I didn't dive into cpumap-pping for fun; I tried *really hard* to work

with the original epping/xdp-pping. It's a great tool, really fantastic work.

It's also not really designed for the same purpose.

The original Polere pping is wonderful, but isn't going to scale - the

way it ingests packets isn't going to scale across multiple CPUs,

and having a core pegging 100% on a busy shaper box was

degrading overall performance. epping solves the scalability

issue wonderfully, and (rightly) remains focused on giving you

a complete report of all of the data is accessed while it was

running. If you want to run a monitoring session and see what's

going on, it's a *fantastic* way to do it - serious props there. I

benchmarked it at about 15 gbit/s on single-stream testing,

which is *really* impressive (no other BPF programs active,

no shaping).

The first issue I ran into is that stacking XDP programs isn't

all that well defined a process.
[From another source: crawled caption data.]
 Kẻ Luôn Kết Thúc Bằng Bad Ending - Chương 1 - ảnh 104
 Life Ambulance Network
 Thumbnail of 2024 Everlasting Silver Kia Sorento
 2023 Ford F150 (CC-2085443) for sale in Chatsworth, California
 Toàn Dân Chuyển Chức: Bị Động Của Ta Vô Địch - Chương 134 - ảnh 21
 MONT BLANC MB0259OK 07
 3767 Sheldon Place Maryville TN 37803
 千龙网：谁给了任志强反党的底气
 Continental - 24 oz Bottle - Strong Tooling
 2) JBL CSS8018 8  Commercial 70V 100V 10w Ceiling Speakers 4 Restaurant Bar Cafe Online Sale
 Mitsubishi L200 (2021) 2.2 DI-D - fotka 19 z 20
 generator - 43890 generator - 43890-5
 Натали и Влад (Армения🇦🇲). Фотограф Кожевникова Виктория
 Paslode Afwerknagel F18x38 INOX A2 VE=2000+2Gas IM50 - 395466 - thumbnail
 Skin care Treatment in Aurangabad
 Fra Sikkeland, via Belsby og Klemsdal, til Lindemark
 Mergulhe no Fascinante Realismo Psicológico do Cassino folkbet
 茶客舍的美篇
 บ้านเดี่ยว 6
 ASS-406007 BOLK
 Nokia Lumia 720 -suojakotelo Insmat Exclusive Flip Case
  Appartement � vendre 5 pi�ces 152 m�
You can make it work, but

it gets messy when both programs have setup/teardown

routines. I kinda, sorta managed to get the two running at

once, and it mostly worked. There *really* needs to be an

easier way that doesn't run headlong into Ubuntu's lovely

"you updated the kernel and tools, we didn't think you'd

need bpftool so we didn't include it" issues, adjusting scripts

until neither says "oops, there's already an XDP program

here! Bye!". I know that this is a pretty new thing, but the

tooling hasn't really caught up yet to make this a comfortable

process. I'm pretty sure I spent more time trying to run both

at once than it took to make a combined version that sort-of

ran. (I had a working version in an afternoon)

With the two literally concatenated (but compiled together),

it worked - but there was a noticeable performance cost. That's

where orthogonal design choices hit - epping/xdp-pping is

sampling everything (it can even go looking for DNS and ICMP!).

A QoE box *really* needs to go out of its way to avoid adding

any latency, otherwise you're self-defeating. A representative

sample is really all you need - while for epping's target,

a really detailed sample is what you need. When faced with

differing design goals like that, my response is always to

make a tool that very efficiently does what I need.

Combining the packet parsing** was the obvious low-hanging

fruit. It is faster, but not by very much. But I really hate

it when code repeats itself. It seriously set off my OCD

watching both find the IP header offset, determine protocol

(IPv4 vs IPv6), etc. Small performance win.

Bailing out as soon as we determine that we aren't looking

at a TCP packet was a big performance win. You can achieve

the same by carefully setting up the "config" for epping,

but there's not a lot of point in keeping the DNS/ICMP code

when it's not needed. Still a performance win, and not

needing to maintain a configuration (that will be the same

each time) makes setup easier.

Running by default on the TC (egress) rather than XDP

is a big win, too - but only after cpumap-tc has shunted

processing to the appropriate CPU. Now processing is

divided between CPUs, and cache locality is more likely

to happen - the packet we are reading is in the local

core's cache when cpumap-pping reads it, and there's

a decent chance it'll still be there (at least L2) by the time

it gets to the actual queue discipline.

Changing the reporting mechanism was a really big win,

in terms of performance and the tool aligning with what's

needed:

* Since xdp-cpumap has already done the work to determine

that a flow belongs in TC handle X:Y - and mapping RTT

performance to customer/circuit is *exactly* what we're

trying to do - it just makes sense to take that value and

use it as a key for the results.

* Since we don't care about every packet - rather, we want

a periodic representative sample - we can use an efficient

per TC handle circular buffer in which to store results.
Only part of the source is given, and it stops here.